A federal appeals court handed President Donald Trump a victory Tuesday in his push to curb the power of government unions.
A three-judge panel of the U.S. Court of Appeals for the District of Columbia Circuit reversed a trial court ruling barring enforcement of three executive orders Trump issued that reduce the power of government unions and facilitate removal of lackluster civil servants.
“Lacking jurisdiction, the district court had no power to address the merits of the executive orders,” Judge Thomas Griffith’s decision for the panel reads.
The president issued a trio of orders in May 2018 addressing civil service protections. Administration officials billed the directives as the principle thrust of Trump’s push to remove ineffective employees and eliminate waste in the federal agencies.
The orders reduce grace periods for poor-performing civil servants, restrict the amount of time federal workers may spend on official union duties during business hours, set goals for agencies to pursue when negotiating contracts and narrow the range of issues subject to negotiation during collective bargaining, among other items.
A coalition of labor unions including the American Federation of Government Employees (AFGE) and the National Federation of Federal Employees (NFFE) challenged the order in federal court. They advanced a number of arguments, saying the president had no right to issue executive orders touching federal labor relations and that the directives at issue violate constitutional rights to free association and the Federal Service Labor-Management Relations Act (FSLMRS). (RELATED: Appeals Court Sides With Trump In Anti-Corruption Lawsuit Against D.C. Hotel)
U.S. District Judge Ketanji Brown Jackson barred administration officials from implementing the orders in August 2018. The judge said Trump’s directives violated FSLMRS, the 1978 law that established collective bargaining rights for government workers.
Jackson said the president’s orders effectively “eviscerate the right to bargain collectively as envisioned in the FSLMRS.”
The D.C. Circuit did not reach the merits of the dispute in Tuesday’s decision. Instead the unanimous panel held that the trial court had no power to hear the case in the first place. Griffith said the unions must first take up the dispute with the Federal Labor Relations Authority (FLRA), an independent agency that directs labor-management relations for the government. Only after FLRA administrative proceedings can the case move to federal court, the D.C. Circuit said.
“Requiring the unions here to proceed through the FSLMRS’s scheme does not foreclose ‘all meaningful judicial review,'” Griffith cautioned. “Although the unions are not able to pursue their preferred systemwide challenge through the scheme, they can ultimately obtain review of and relief from the executive orders by litigating their claims in the context of concrete bargaining disputes.”

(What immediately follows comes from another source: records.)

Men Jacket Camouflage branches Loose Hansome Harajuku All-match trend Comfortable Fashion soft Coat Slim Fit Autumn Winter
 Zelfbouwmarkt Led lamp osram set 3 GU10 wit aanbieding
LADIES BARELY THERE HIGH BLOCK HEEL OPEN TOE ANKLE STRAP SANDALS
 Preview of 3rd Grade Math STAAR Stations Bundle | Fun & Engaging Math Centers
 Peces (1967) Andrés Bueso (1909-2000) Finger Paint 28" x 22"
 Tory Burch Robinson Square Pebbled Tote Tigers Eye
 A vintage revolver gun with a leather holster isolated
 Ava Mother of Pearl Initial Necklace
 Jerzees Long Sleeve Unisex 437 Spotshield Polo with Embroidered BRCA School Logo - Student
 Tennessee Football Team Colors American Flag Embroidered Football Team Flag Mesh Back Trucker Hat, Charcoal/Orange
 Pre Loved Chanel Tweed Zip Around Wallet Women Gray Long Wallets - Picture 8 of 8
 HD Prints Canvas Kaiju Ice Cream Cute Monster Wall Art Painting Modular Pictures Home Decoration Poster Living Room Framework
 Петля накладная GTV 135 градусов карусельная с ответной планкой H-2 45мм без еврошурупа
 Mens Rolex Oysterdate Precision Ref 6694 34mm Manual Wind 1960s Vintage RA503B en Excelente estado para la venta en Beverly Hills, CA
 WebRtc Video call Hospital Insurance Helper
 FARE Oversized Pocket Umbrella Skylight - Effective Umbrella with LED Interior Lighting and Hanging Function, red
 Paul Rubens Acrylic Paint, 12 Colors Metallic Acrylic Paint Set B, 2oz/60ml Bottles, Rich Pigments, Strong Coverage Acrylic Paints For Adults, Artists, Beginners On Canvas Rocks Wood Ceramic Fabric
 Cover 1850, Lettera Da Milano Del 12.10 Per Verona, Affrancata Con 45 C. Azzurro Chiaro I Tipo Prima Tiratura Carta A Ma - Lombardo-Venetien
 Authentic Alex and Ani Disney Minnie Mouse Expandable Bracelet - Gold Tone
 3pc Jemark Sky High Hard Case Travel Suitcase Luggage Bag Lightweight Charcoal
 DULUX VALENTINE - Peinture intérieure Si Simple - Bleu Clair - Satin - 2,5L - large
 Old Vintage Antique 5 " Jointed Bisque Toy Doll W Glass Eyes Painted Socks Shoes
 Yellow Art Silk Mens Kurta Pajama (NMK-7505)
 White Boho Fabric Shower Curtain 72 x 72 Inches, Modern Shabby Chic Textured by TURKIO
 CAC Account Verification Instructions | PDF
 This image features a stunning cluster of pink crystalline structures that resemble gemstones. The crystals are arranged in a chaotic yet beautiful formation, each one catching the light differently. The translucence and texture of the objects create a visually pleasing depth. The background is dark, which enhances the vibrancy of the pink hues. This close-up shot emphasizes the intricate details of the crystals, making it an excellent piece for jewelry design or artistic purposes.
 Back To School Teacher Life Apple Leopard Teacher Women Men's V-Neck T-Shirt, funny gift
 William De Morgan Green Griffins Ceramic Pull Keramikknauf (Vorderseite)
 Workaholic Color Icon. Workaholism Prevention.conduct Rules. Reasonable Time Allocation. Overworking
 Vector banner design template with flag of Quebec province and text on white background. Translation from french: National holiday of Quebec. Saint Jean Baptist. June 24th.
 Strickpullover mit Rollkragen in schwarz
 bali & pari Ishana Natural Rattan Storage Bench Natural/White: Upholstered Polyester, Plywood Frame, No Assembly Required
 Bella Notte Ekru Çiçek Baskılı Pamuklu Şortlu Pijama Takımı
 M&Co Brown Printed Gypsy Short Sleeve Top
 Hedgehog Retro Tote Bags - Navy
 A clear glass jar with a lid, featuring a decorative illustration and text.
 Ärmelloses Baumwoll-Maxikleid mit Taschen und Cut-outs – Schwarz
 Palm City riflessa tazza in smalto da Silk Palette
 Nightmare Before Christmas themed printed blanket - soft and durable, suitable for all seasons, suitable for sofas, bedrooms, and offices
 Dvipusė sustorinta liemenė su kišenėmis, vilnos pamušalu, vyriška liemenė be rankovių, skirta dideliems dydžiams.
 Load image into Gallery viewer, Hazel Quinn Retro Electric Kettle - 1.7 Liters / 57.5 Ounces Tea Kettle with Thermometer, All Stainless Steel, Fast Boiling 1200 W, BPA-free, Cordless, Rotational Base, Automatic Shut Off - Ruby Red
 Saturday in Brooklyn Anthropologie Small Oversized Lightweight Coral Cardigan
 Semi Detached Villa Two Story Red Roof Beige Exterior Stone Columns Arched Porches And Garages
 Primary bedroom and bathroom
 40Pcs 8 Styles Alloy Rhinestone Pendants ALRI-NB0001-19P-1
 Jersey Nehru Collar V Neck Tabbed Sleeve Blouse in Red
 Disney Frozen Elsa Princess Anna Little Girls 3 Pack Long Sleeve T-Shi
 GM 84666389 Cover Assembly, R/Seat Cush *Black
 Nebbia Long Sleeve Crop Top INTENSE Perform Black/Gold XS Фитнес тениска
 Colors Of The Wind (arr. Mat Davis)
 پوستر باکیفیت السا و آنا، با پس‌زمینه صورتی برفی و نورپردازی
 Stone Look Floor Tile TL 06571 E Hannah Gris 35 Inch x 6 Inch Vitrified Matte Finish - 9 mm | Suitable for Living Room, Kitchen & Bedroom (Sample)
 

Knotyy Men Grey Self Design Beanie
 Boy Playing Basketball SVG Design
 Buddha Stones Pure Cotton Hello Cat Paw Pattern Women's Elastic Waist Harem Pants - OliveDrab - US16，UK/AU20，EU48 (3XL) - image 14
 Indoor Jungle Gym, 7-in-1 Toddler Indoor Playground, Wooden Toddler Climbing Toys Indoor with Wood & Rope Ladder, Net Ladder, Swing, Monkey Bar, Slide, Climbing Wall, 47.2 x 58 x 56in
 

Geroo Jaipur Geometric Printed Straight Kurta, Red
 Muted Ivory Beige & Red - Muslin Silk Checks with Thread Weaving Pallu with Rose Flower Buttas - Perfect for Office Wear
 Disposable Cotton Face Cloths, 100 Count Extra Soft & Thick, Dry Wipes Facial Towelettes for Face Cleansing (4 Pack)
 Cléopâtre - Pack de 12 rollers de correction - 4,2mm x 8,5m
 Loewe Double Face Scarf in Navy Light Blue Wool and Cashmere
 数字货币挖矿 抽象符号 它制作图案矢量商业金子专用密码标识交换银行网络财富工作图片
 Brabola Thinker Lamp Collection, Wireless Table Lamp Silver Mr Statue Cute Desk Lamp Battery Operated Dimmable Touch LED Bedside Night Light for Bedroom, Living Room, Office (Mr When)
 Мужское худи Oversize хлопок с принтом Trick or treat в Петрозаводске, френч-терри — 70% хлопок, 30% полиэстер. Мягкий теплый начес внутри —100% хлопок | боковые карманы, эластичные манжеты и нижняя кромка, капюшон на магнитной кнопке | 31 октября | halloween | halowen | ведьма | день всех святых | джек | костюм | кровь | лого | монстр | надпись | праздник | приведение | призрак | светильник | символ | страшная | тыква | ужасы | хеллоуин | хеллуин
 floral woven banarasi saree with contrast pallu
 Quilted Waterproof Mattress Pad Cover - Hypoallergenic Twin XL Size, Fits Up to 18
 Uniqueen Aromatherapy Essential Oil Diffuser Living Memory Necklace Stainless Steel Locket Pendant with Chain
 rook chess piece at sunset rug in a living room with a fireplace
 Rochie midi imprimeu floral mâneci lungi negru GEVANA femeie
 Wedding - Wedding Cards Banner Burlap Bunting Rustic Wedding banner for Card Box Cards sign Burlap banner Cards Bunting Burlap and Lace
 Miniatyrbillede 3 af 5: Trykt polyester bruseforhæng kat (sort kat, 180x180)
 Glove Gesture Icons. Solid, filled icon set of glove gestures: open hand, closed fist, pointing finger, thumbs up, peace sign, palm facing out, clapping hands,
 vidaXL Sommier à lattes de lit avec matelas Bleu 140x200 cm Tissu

“Today’s terrible decision by the U.S. Court of Appeals for the District of Columbia is a tremendous blow to federal employees and their voice in the workplace,” AFGE President J. David Cox Sr. said in a statement. “The decision is mistaken about the jurisdictional question, wrong on the law, and jeopardizes the rights of federal employees across the government.”
The union plaintiffs can ask the full D.C. Circuit to review the decision or appeal to the Supreme Court.
There are approximately 2 million full-time federal workers.